The word mutant can be used quite meaningfully in biology. As the Oxford English Dictionary says when you ask it to define mutant: “Biology. An organism, gene, etc., which has undergone or arisen by mutation; a mutated form”. It also lists a second meaning: “Originally Science Fiction. An individual imagined as having arisen by genetic mutation, esp. one with freakish or grossly abnormal anatomy, abilities, etc.”. Of course, in ‘mutant strain’ mutant is used as an adjective not a noun but the two meanings still are in there, with the ‘freaky’ one just straining to get out in the right context, that is in popular rather than genetic discourse.
To see how the meaning of mutant mutated in one niche of popular discourse, i.e. the press, I had a quick look at the news database Nexis and searched for ‘mutant strain’. The latest article I found at 10 o’clock this morning was from the Daily Telegraph which talked about “alarming new evidence of the virulence of a mutant strain of the virus”. The same day the Express said “Ministers are concerned about the mutant strain, which originated in Kent and spread rapidly to London and then the home counties.”
In between these two most recent articles there was one from the Pakistan Journal of Science (30 June 2010) which reported that “On the basis of kinetic variables, notably Y p/s (IU/g substrate), Y p/x (IU/g cells), Y x/s (g/g), Y p/s mutant strain B.licheniformis UV-MN-HN-8 was found to be producing 2.33 fold more bacitracin than wild type after optimization of different parameters.” And there were many more like that. So I had two strains of the same mutant word in my corpus.
When zipping to the earliest articles, I found that the mutant strain first crept into the covid discourse around the time that a ‘mutant strain’ was found in mink in Denmark. On 7 November Mail Online had reported for example that “US, Italy, the Netherlands, Spain and Sweden have reported Covid cases in minks” and that “the Covid variant … had jumped from minks to humans and infected 12” and that the “Coronavirus has spread from minks to humans in hundreds of cases – but the mutant strain is restricted to 12”. The use of mutant in this context where a virus ‘jumps’ from animals to humans (as it had indeed done when all this started) seemed to me more alarming than a regular sort of mutation, as reported now, but that’s just me.

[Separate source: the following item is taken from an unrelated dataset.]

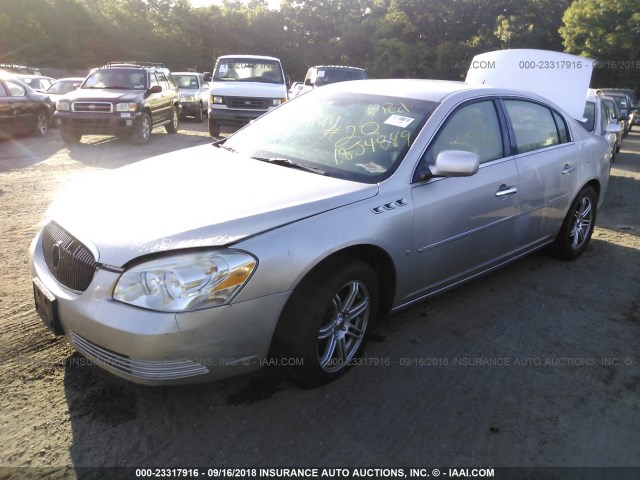 1G4HD57246U135779 - 2006 BUICK LUCERNE CXL SILVER photo 2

Coming back to the current reporting, various tabloids talked about this new strain. The Sun in particular indulged in some great headlines, such as: “Crackerdown”, “Virus Fight”, “Bubble Burst”, “Deadly Spread” and, last but not least: “Festive Bubble Burst: MUTANT BUG ON RAMPAGE” (capitals mine!).
This turned a mutant into a monster! But The Sun was not alone in this transmogrification. The Calgary Sun reported in 16 December: “Mutant Strain on the Loose in in Britain” while the Herald Sun had the headline: “Mutant Strain hits UK”. There were some moderating voices too though. The Shropshire Star cautioned: “Mutant Strain not Necessarily a Monster” (16 December)!

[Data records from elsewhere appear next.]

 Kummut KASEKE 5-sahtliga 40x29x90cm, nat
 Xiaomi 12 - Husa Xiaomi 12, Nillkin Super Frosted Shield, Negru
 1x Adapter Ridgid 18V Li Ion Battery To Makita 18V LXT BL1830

So the virus variant became a mutant and then a monster and the word ‘super’, which we know well from ‘superbugs’, was not far away. It was called a “new super strain” (Metro, 15 December) or a “new super-infectious Covid mutant” (Express Online, 19 December). Frankenstein and Superman and also X-men (HT Franziska Kohlt) were the ghosts of mutant Christmas.
In amongst these alarmist headlines one can also find more investigative pieces, quoting many well-known experts, as for example in The Sun on the 14th of December. But the overwhelming reporting was ‘alarming’, exploiting the fictional and sensationalist connotations of ‘mutant’ to the full. I am sure we’ll hear much more about mutants in the coming days. We’ll have to think about why such words are being used and whether this use is helpful or harmful.
One thing I think is important to remember. Whenever we use the word ‘mutant’ as scientists or journalists we should reflect on what register we use, that is how we use the word ‘mutant’ and in what context, as a neutral science term or as a word that conjures up more fiction than fact. We’ll also have to see how it actually all pans out and what this mutant actually is and does.
PS, 20 December – now we have Tier 4 and all that – and who is responsible, the mutant virus – so mutant so strong – the government is helpless!
As Sunder Katwala tweeted in a thread with images!!: “Several of the papers give the active agency for today’s decision to Covid (the mutant virus turned down the Christmas truce offer) rather than to the government”.